Advances in computer and communications technology have left the world awash in huge amounts of information. UTSC is introducing a new stream to teach undergraduates how to deal with it.

The new statistical machine learning and data mining stream is one of the first of its kind in Canada. It is being offered by the Department of Computer and Mathematical Sciences and will focus on tools and techniques for working with massive amounts of electronic information.

Data mining and machine learning refers to looking for patterns in that data that give people the ability to predict behaviors that they couldn’t have predicted in the past.

These techniques are being used for everything from analyzing speech or recognizing people’s faces to predicting customer behavior. All are based on understanding and manipulating huge quantities of data so that people can build systems with very high reliability.
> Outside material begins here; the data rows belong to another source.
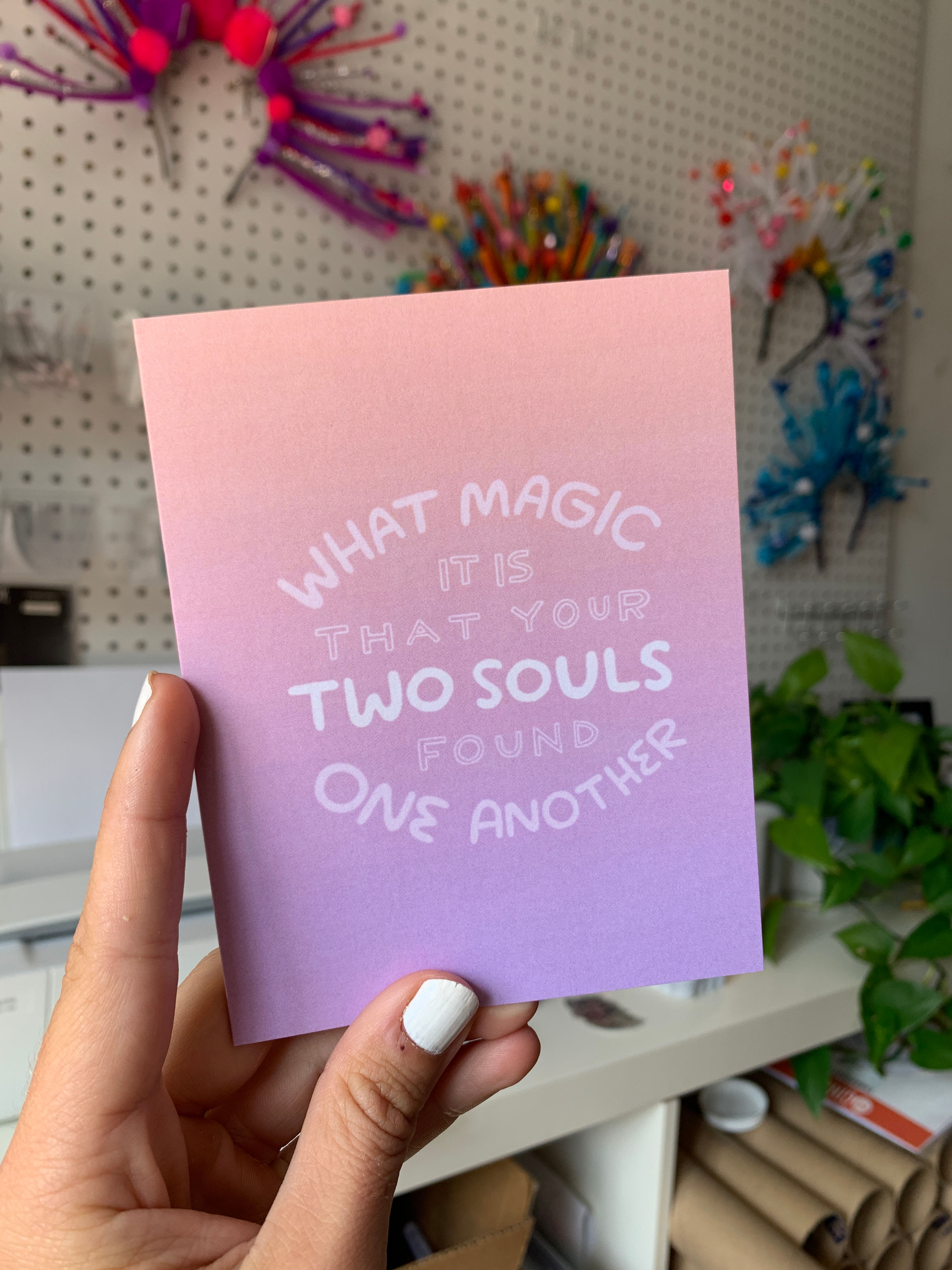 What Magic It Is Card
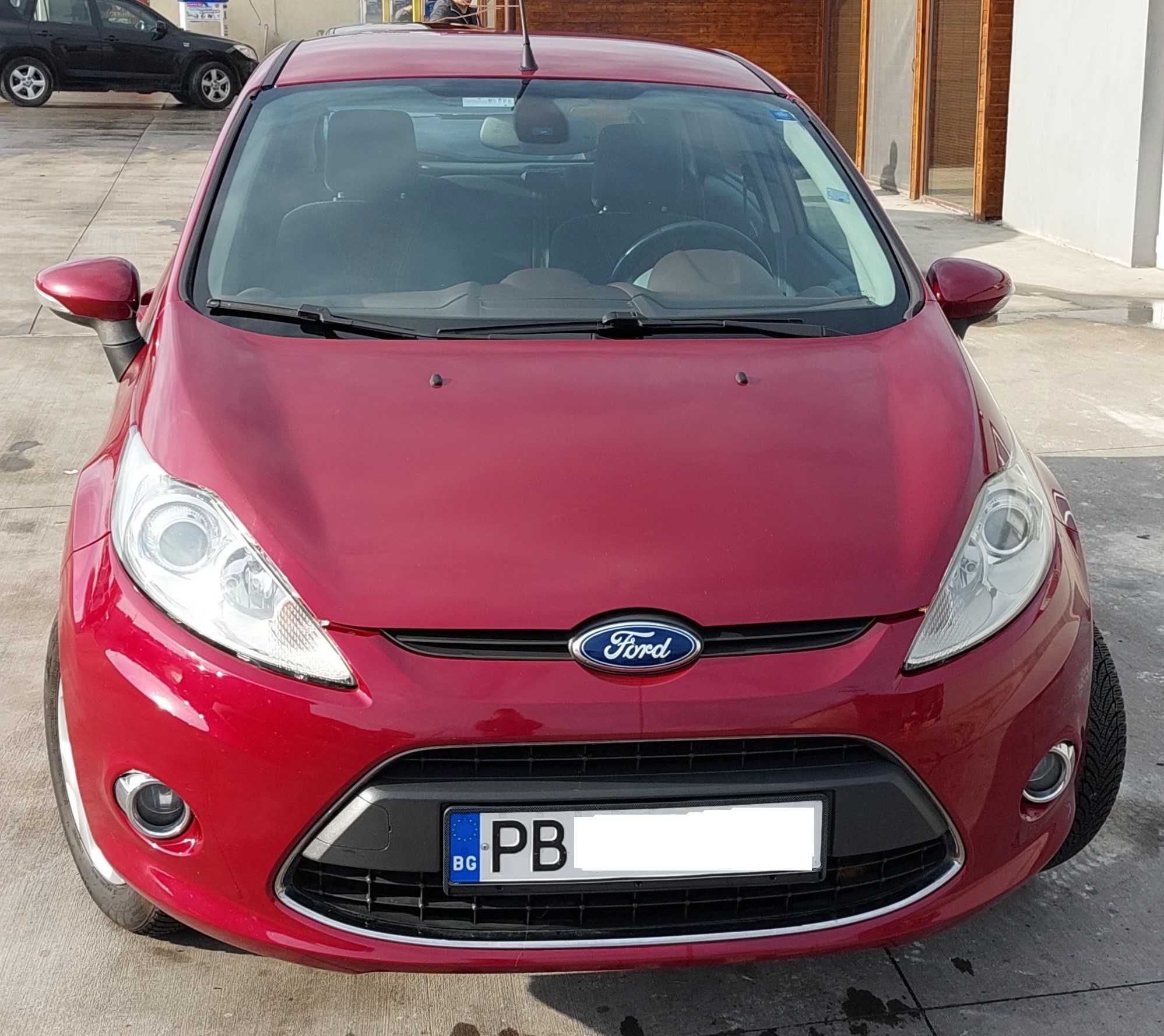 Ford Fiesta 1.4 Бензин Titanium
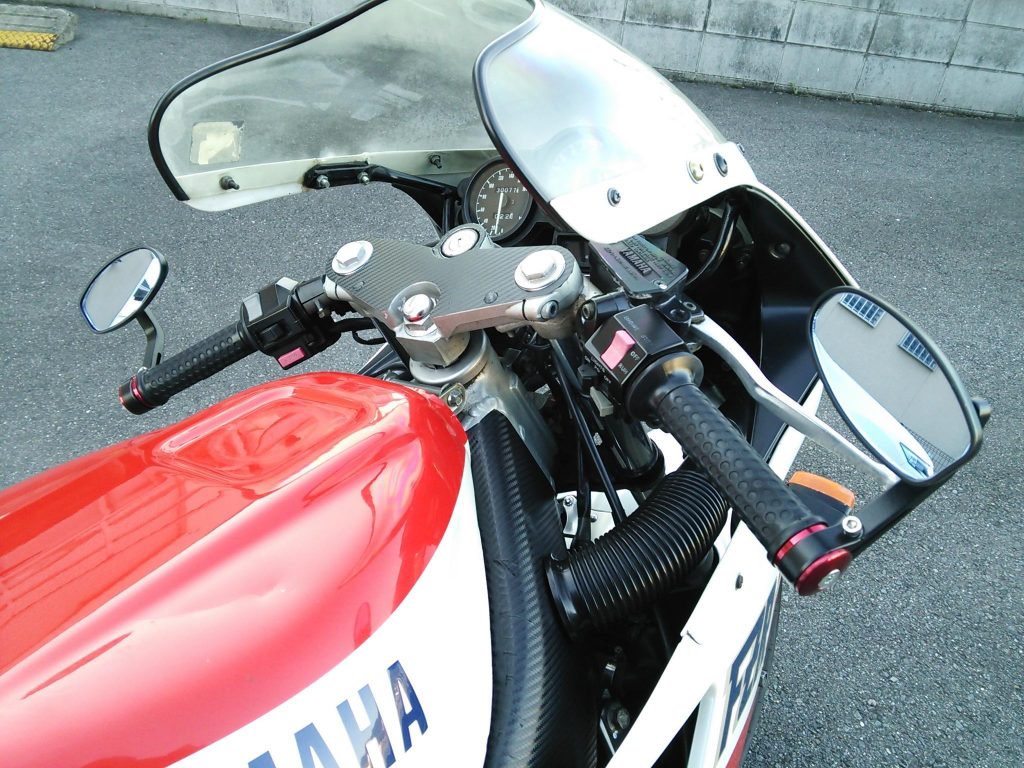 fzr250r ミラー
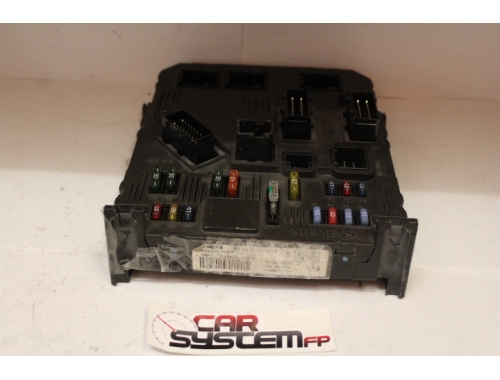 BSI Peugeot 206 - SIEMENS 9652474780 - Traspaso de códigos Reparación varias Virginización SIEMENS:9652474780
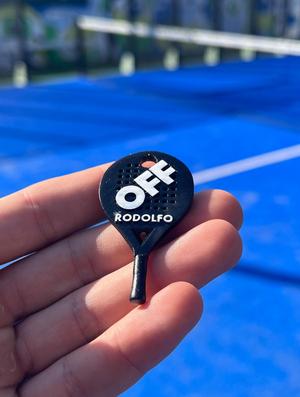 padel tennis keychain (no name)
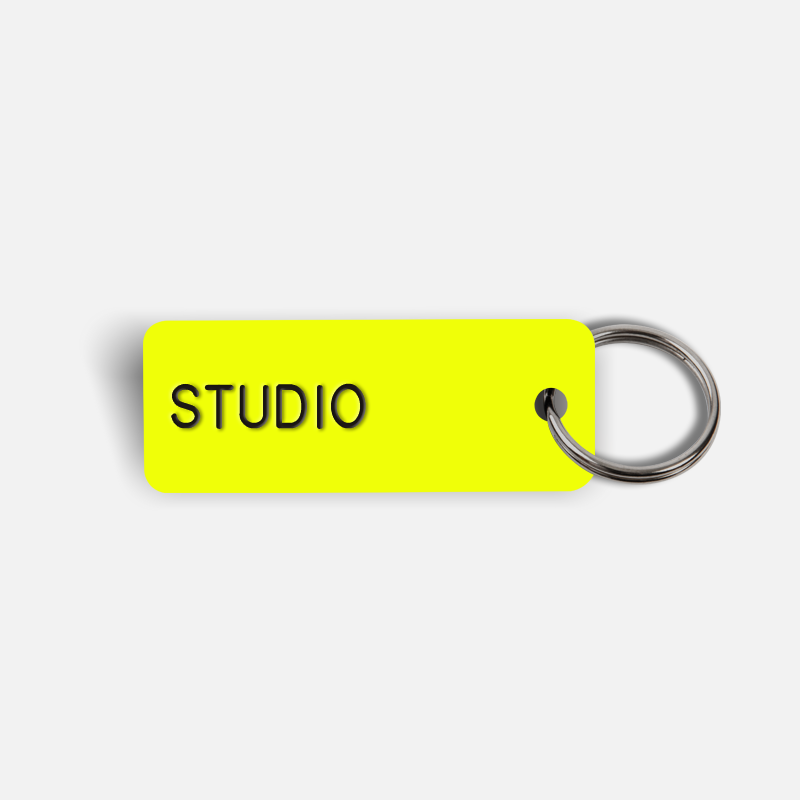 STUDIO Keytag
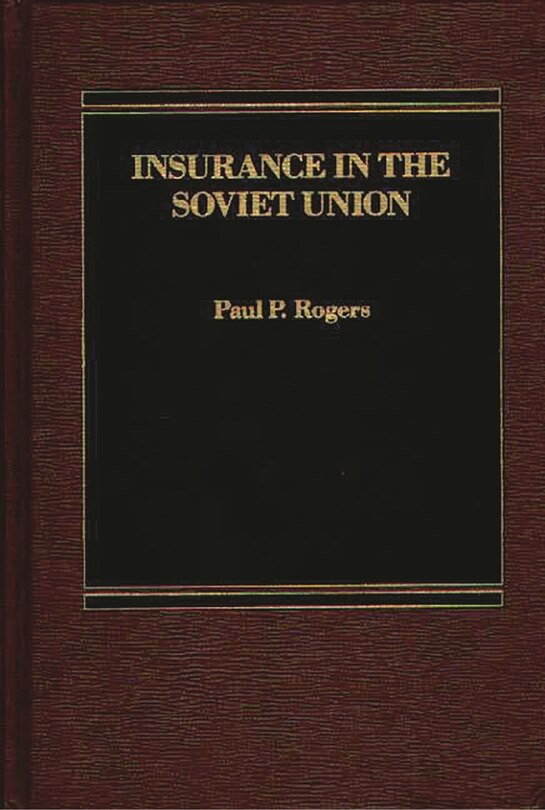 Front cover_Insurance In The Soviet Union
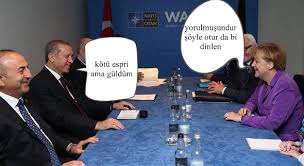 Angela Merkel Recep Tayyip Erdogan Aski 682388 Uludag Sozluk Galeri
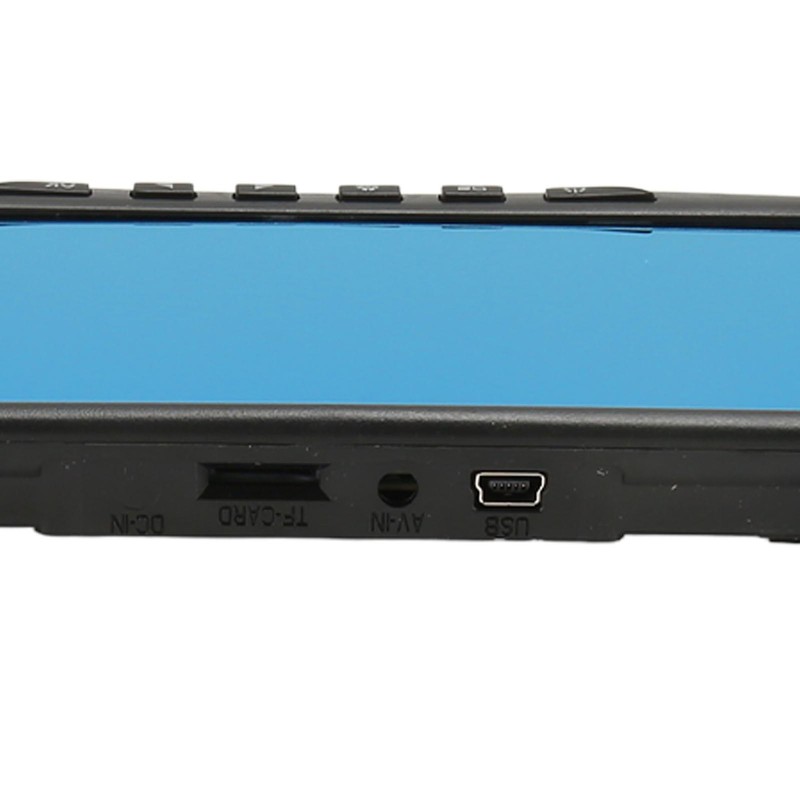 Rear View Mirror with Front Camera and G Sensor 2.4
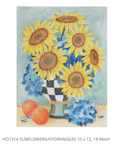 Raymond Crawford HO1314 Sunflowers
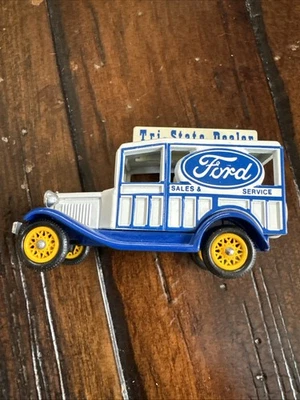 Lledo Days Gone '34 Model A Ford Wagon TRI STATE DEALERDelivery  PRISTINE LOOSE - Image 1 of 4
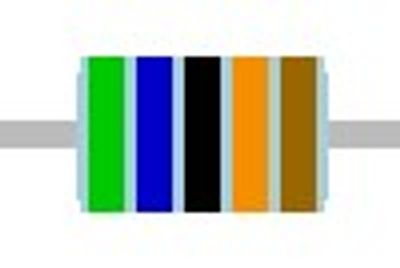 METALLIKALVOVASTUS 0,6W: 560kohm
“Statistics traditionally was a field that allowed you to try and make confident inferences from relatively small amounts of data,” said David Fleet, head of computer and mathematical sciences. “Big data and data analytics today are really about building models where we have massive amounts of heterogeneous data, so much data that we don’t know how to visualize it and make sense of it.”

This new option has already received acclaim from companies dealing in huge data collection and IT such as Google, Yahoo and Microsoft.

Techniques from data mining and machine learning are used to allow cameras to recognize and focus on faces; they allow computers to understand human speech and transcribe it; they allow Netflix to recommend movies to you based on your previous selections and other customers’ selections.

Students interested in the option should have reasonably good mathematical skills, very strong computer science skills and a keen interest in working with data and being on the cutting edge of technology evolution.